Вечером в Хайфе на променаде в районе Бат-Галим пожилые пенсионеры сидят на лавочках. Жарко, влажно. Волны шуршат. «Помните то кино с этим, ну как его, в очках, пожилой актёр…» — говорит кудряво завитая старушка своему импозантному спутнику с клюкой в руке. Он что-то отвечает неразборчиво. «Замечательный конферансье!» — восклицает старушка. Пенсионеры сидят на лавочках, волны кусают суровый пляж. Врезаюсь в воздух, как нож в масло.

Навстречу бегут крепкие молодые люди в одинаковых трусах и майках. Тротуар узкий, приходится уступить дорогу. «Штаим, шалош, штаим, шалош», — командует жёсткий голос. Пенсионеры и солдаты не замечают друг друга, да и меня. Я слишком молод для одних и стар для других. Пенсионеры обсуждают советское кино. Их молодость прошла в эпоху безвременья, ограниченного программой «Время». А бегущие мимо солдаты, наверное, не знают, кто такие отказники и что такое поправка Джексона-Вэника.

Останавливаюсь напротив кафе, где продаётся мороженое. За столиками пенсионеры и маленькие дети. Рядом пожилой мужчина заговаривает со столкнувшейся с ним пожилой женщиной, мне слышится что-то вроде иврита: «Тодом дохат?» Она чётко переспрашивает по-русски: «Простите, что?» — «Ну шо, до дому, до хаты идёте, спрашиваю?» — уточняет пенсионер. Дети лижут мороженое. Топот ног — мимо бегут женщины-военнослужащие. Мерно подпрыгивают груди под футболками цвета хаки.

Ещё немного вперёд. Дорогу преграждает бетонный забор с колючей проволокой, ограничивающий территорию большой военно-морской базы. Рядом на пляже установлены турники. Под бодрую восточную мелодию несколько молодых людей качают мускулы. Один из них отдаёт команды по-военному. Неподалеку пенсионеры на лавочках наблюдают за спортсменами. Старушки — с нескрываемым интересом, старички делают вид, что их больше интересует море. В небе пролетает вертолёт, уже темнеет, не разобрать, военный или гражданский.

Мы идем по улице, слева бетонный забор. «Штаим, шалош, штаим, шалош», — доносится оттуда. За ограждением ярко сияют фонари на высоких столбах. Вечерняя тренировка, построение, скоро ужин и отбой. Навстречу пожилая пара. «Крым… Путин… наш… сдох», — доносятся обрывки слов. Седая дама в очках с золотой оправой внимательно слушает политинформацию. Политика истекает из меня солёным потом, надо постоянно поддерживать форму тела глотком воды. Чуть что — земля убежит из-под ног, как шипящий кот. Прошлое — иллюзия, будущее — вопрос тактики и стратегии.

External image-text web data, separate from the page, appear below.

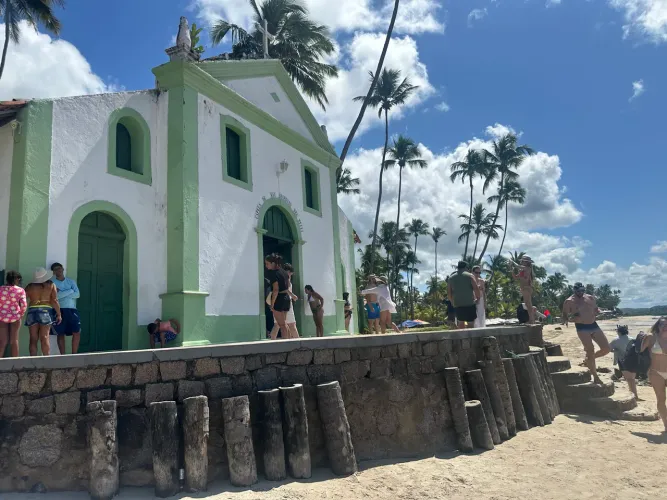 Casa em Privê em carneiros- Tamandaré/PE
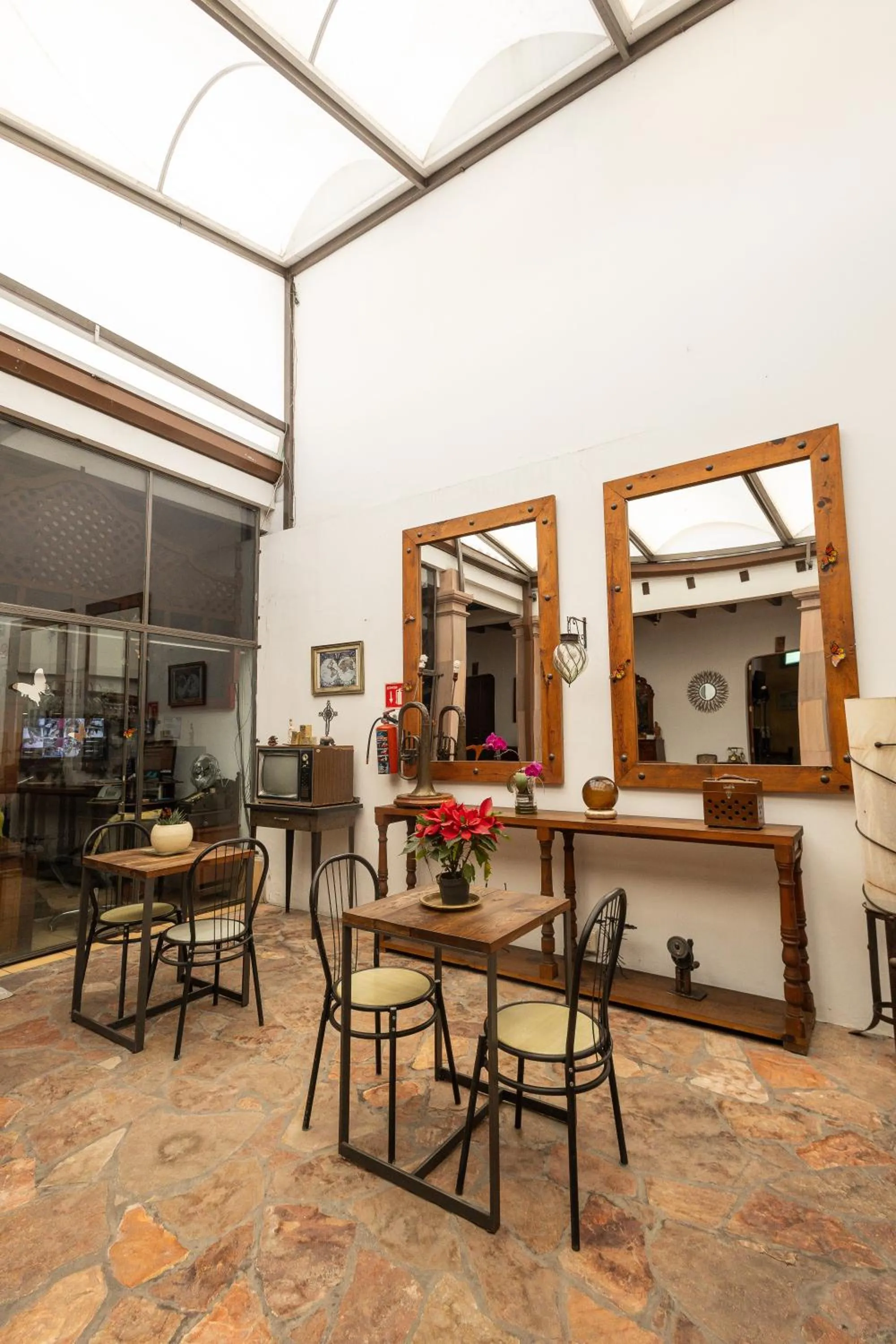 Breakfast in Hotel-Boutique La Casa De Los Recuerdos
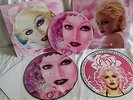 MADONNA BEDTIME STORIES 20TH ANNIVERSARY LP PICTURE-DISC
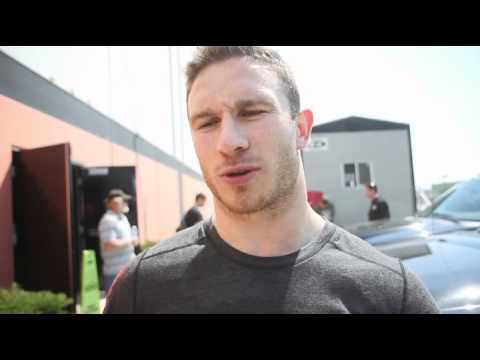 CrossFit Games Regionals 2012 - Pain and Prison Gyms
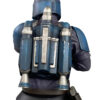DST SHOWCASE PX STAR WARS MANDALORIAN DEATHWATCH BUST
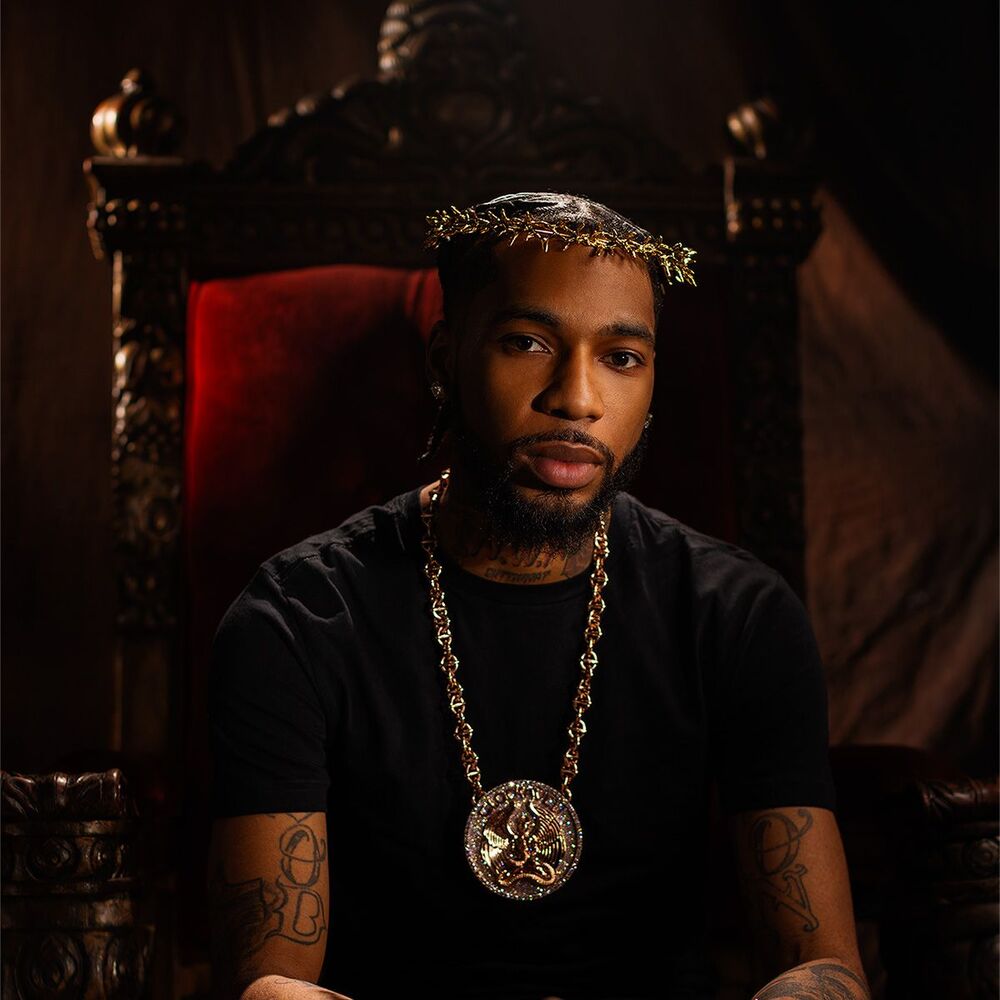 Key Glock — صورة الفنان، مقال عن GO بتردد 432 هرتز | 432hz-converter.com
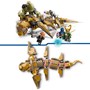 LEGO Marvel 76290, The Avengers mot Leviathan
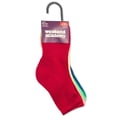 thumbnail image 2 of Weekend Academy Boys Mid Crew Socks, 6-Pack, Sizes S-L, 2 of 10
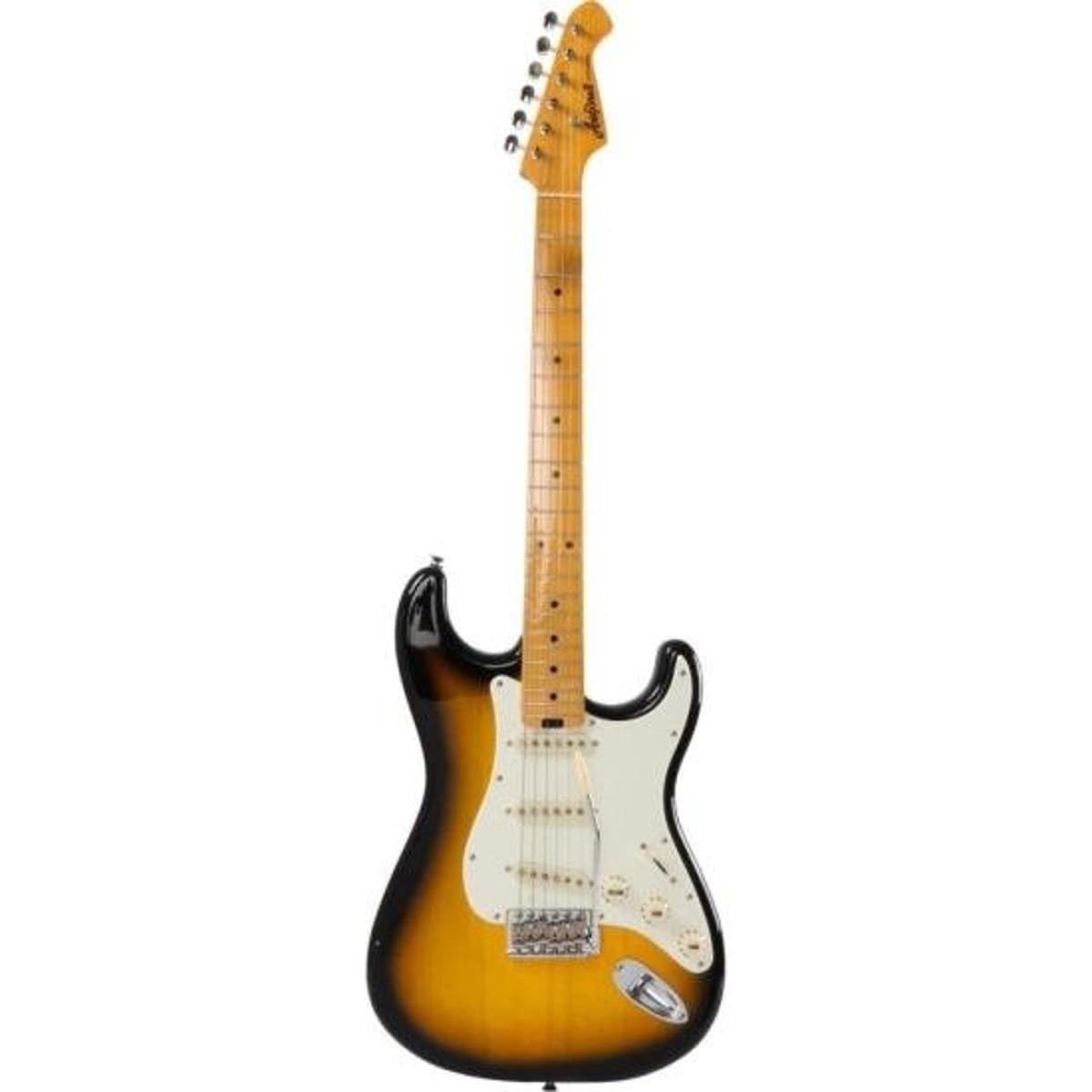 Guitarra Aria Pro II STG-57 2 Tone Sunburst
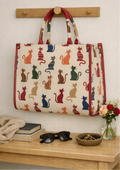 Signare Tapestry City Grab Bag – Cheeky Cat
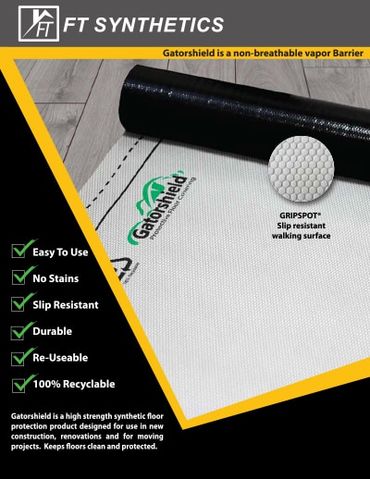 Gatorshield — cover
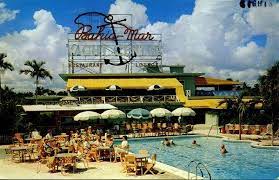 Bahia Mar 1958 Ft Lauderdale Florida Florida Hotels Old Florida Florida City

Стемнело. Навстречу идут два паренька, в руках у каждого по бутылке с водой, на плече у одного — полотенце. Он раскрывает рот, глядя на меня. Я тоже его узнаю. Прошлым летом он приходил в Москве на мою слайд-лекцию о современной наркополитике. «Ты что здесь делаешь?» — ошеломлённый встречей, спрашивает он. Испуганный кот спрыгивает с мусорного контейнера в двух шагах и ломится в кусты. «Приехал погулять, — отвечаю я. — А ты?» — «А я сюда жить переехал, — отвечает юноша. — В ноябре в армию иду!» Мы прощаемся. Пенсионеров на улице уже не видать. Жара чуть спала. Мимо скользит полицейский внедорожник с включённой мигалкой, но без сирены. Как во сне.


Очень хорошая вода

В Яффо пошли за едой в магазин, где торгуют русскоязычные евреи. Захотел купить оливкового масла. Смотрю — нет его! А, вот, вроде, нашёл. Но не совсем уверен — надпись на иврите, а картинка слишком мелкая. Рядом мужчина в кипе, черноволосый, глаза сами как маслины, расставляет товары на полке. Спрашиваю: «Это оливковое масло? Вот здесь на картинке — это оливки?»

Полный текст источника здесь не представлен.